Davacı ... Yönetimi, taşınmazın orman sayılan yerlerden olduğu iddiasıyla tespitin iptali için dava açmıştır.
Tespit maliki, birleşik dosya davacısı ... ise, taşınmazın yüzölçümünün eksik yazıldığı iddiasıyla komşu 109 ada 77, 75, 79 ve 81 parsel sayılı taşınmaz malikleri aleyhine dava açmıştır.

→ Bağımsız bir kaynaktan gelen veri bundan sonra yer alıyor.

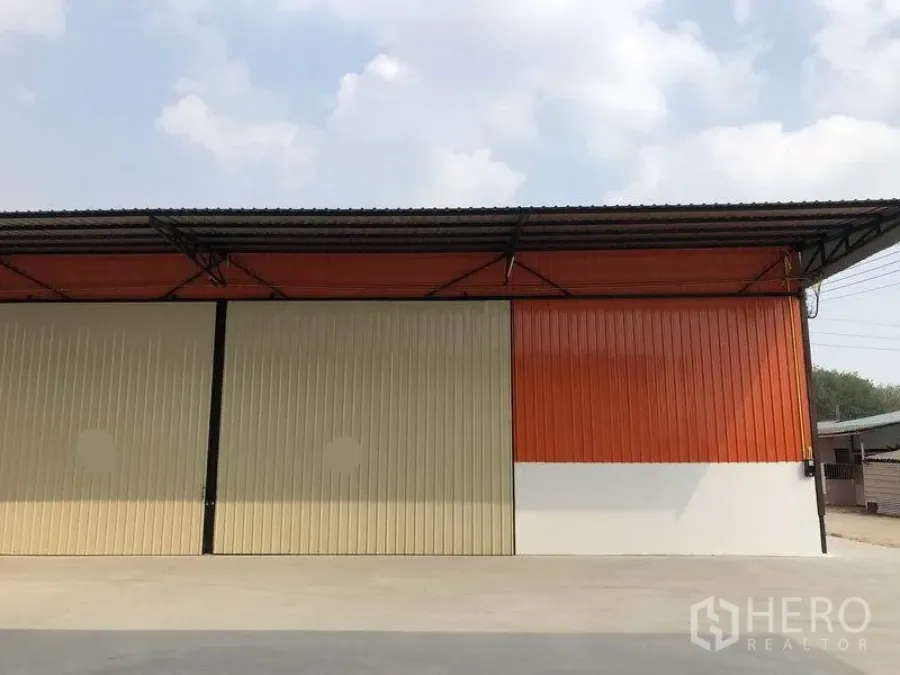 คลังสินค้า ให้เช่าในPathum Thani - ด้านนอกโกดัง ผนังสีส้ม ประตูบานเลื่อนปิด และลานคอนกรีตกว้าง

Mahkemece ...... Yönetiminin davasının kabulü ile dava konusu 109 ada 80 parsel sayılı taşınmazın kadastro tespitinin iptaline, orman niteliğiyle Hazine adına tapuya tesciline karar verilmiş, davalı ... vekili tarafından edilmesi üzerine hüküm Yargıtay 20. Hukuk Dairesinin 05/02/2009 tarih ve 2008/16834-2009/1565 sayılı kararı ile bozulmuştur.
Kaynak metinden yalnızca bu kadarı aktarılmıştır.